To compare the mortality risk between the two patient groups, registry researchers conducted a nationwide cohort study of 194,698 patients on hemodialysis in Japan who received either a short-acting (epoetin alpha/beta or epoetin kappa) or a long-acting (darbepoetin or epoetin beta pegol) ESA. For each anemia drug type, the proportion of patients using each type of ESA was epoetin (EPO)-alpha/beta, (n=50,809, 26.1%); EPO-kappa, n=19,822 (10.2%); darbepoetin-alpha (DPO), n=97,391 (50.0%); and epoetin-beta pegol (continuous erythropoiesis receptor activator [CERA]), n=26,676 (13.7%), the researchers wrote.

During the 2-year follow-up, 31,557 patients died. Long-acting ESA users had a 13% higher rate of deaths compared with short-acting ESA users.

“This difference in risk was pronounced among patients receiving high doses of ESA,” the authors wrote. “Long-acting ESA use was associated with an increased rate of death from cardiovascular diseases, infection and malignancies.”

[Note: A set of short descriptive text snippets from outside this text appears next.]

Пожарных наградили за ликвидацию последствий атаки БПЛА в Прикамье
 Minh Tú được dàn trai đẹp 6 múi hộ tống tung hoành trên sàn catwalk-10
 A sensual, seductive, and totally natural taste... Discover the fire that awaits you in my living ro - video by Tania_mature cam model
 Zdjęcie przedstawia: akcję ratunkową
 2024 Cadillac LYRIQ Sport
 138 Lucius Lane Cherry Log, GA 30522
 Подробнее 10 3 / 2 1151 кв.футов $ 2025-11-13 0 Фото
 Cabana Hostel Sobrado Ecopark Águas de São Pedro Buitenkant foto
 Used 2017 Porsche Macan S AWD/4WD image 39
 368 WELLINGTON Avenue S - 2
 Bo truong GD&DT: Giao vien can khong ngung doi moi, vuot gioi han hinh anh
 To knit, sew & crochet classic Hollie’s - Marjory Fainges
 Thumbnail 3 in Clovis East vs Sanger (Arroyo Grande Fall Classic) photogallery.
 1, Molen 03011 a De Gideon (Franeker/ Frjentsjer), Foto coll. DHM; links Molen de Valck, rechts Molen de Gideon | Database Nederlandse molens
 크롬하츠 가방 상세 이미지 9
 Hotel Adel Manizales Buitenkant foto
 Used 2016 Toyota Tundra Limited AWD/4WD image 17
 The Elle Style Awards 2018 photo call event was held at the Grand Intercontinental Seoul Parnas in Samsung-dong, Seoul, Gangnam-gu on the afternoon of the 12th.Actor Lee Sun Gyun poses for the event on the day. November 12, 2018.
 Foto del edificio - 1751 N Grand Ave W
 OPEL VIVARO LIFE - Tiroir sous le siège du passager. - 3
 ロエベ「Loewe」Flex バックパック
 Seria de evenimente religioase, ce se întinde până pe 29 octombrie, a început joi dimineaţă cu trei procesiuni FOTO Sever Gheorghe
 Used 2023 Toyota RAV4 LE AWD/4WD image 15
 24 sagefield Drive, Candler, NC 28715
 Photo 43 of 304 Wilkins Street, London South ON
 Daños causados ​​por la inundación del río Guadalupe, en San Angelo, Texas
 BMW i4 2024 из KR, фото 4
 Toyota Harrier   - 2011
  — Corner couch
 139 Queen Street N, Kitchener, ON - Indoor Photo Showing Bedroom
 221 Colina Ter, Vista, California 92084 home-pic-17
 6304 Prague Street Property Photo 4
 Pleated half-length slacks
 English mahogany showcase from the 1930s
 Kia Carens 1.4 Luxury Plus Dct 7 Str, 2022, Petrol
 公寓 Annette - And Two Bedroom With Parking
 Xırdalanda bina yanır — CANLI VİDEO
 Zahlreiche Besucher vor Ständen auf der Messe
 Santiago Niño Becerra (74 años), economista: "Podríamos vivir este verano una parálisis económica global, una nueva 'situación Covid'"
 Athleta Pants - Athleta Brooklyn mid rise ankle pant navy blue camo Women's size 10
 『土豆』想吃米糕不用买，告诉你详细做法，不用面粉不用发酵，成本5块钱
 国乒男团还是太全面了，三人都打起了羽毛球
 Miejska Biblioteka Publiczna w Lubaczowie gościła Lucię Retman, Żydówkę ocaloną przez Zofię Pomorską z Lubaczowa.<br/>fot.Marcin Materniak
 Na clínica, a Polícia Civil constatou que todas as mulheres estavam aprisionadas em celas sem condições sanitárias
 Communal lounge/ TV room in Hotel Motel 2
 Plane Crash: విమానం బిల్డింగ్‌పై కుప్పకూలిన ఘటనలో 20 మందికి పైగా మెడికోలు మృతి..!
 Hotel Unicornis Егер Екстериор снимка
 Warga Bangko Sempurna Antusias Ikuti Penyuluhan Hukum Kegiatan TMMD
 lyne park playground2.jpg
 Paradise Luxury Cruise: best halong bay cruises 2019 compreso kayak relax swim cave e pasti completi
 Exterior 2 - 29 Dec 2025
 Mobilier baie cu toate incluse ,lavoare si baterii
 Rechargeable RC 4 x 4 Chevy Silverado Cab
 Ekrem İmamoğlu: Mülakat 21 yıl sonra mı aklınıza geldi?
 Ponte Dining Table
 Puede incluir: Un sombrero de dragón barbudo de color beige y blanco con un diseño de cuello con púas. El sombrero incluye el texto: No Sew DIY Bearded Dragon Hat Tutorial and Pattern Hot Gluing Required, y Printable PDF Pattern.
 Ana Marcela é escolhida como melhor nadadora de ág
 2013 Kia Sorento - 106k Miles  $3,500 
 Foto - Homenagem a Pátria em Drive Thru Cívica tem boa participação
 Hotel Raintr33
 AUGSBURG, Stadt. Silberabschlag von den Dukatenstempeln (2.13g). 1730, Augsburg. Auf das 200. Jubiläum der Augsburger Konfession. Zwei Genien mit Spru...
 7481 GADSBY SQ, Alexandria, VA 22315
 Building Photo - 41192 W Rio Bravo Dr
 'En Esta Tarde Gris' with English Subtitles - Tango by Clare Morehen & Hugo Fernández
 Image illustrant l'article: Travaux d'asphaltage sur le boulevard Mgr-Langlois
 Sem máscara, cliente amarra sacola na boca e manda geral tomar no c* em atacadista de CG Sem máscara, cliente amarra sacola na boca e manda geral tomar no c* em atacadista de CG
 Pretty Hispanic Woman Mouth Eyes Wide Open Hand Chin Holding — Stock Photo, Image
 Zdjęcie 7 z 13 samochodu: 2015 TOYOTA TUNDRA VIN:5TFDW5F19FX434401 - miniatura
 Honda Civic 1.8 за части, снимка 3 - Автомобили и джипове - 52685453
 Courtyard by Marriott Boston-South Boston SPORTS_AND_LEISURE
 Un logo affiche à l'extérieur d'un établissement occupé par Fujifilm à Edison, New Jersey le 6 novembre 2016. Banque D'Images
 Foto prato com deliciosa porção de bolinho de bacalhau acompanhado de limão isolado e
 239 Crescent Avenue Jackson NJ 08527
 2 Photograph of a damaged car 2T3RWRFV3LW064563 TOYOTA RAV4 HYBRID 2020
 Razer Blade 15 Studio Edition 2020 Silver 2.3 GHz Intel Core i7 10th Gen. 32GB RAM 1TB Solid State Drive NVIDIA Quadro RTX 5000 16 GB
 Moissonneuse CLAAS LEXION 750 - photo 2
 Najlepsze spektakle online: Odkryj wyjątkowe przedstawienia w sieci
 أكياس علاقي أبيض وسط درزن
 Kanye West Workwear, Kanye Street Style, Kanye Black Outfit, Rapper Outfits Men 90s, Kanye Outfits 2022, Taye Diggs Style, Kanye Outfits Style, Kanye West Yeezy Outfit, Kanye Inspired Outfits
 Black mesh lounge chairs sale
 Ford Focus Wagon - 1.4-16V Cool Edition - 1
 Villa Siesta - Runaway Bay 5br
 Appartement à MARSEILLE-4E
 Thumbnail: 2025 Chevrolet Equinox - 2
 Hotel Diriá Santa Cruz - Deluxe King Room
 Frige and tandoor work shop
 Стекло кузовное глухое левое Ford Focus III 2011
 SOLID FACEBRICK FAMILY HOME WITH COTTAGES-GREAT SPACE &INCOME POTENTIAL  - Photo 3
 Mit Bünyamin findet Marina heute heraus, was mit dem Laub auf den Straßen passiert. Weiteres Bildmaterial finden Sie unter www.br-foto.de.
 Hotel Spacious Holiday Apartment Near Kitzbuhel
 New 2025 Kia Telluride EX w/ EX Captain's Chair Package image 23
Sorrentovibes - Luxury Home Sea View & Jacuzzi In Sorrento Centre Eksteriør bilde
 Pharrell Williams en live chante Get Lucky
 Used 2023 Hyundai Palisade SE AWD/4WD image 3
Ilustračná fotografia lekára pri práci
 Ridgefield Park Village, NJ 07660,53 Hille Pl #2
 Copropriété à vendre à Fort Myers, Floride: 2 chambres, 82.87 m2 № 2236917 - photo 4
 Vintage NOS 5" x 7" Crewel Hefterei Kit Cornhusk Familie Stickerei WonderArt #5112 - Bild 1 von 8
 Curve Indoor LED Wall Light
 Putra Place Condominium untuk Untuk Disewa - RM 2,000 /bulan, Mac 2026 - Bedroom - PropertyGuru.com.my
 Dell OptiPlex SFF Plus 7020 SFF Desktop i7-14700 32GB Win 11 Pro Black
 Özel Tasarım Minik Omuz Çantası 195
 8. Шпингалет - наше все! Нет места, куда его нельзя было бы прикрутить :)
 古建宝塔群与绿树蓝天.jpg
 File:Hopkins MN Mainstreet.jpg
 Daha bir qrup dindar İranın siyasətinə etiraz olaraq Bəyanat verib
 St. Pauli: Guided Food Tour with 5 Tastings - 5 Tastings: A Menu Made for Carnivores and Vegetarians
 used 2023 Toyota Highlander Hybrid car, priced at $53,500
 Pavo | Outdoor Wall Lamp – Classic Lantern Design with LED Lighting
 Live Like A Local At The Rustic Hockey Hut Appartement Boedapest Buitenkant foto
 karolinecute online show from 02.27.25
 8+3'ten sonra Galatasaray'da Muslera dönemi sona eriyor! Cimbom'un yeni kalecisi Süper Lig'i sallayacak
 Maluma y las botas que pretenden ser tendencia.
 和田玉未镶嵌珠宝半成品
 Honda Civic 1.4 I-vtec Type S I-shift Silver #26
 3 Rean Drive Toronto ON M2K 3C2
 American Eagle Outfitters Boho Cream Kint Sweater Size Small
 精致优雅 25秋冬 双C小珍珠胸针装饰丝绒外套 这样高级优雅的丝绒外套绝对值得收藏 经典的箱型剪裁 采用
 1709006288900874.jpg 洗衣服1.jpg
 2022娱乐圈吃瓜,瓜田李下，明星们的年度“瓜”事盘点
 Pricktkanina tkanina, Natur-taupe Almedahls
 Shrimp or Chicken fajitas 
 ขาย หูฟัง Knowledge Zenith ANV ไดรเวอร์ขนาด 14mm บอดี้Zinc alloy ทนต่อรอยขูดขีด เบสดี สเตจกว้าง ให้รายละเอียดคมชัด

The authors said they “unexpectedly found that the long-acting ESA use was associated with a higher rate of infection-related death. Interestingly, experimental studies revealed immuno-suppressive effects of erythropoietin. Therefore, aggressive use of ESA might increase the susceptibility to infectious diseases,” they wrote.

Among the four types of ESAs used in the study, the mortality rate was the highest in DPO users and the lowest in EPO-alpha/beta users, the authors wrote.

“Although the underlying mechanisms are unknown, the prognosis of patients receiving EPO-[kappa], a biosimilar product of EPO-[alpha], was slightly worse than that of those receiving EPO-[alpha/beta].”

In the instrumental variable analysis, “long-acting ESA users remained at a significantly higher risk of death,” the authors wrote. “Compared with anemic [hemoglobin 9 g/dl to 9.9 g/dl] short-acting ESA users, long-acting ESA users who achieved more optimal hemoglobin levels [10 g/dl to 10.9 g/dl] showed a higher mortality rate.” –by Mark E. Neumann

Disclosures: Sakaguchi has received grants and honorariums from Chugai Pharmaceutical Co. Ltd., Kissei Pharmaceutical Co. Ltd. and Kyowa Hakko Kirin Co. Please see the full study for a list of other researchers’ relevant financial disclosures.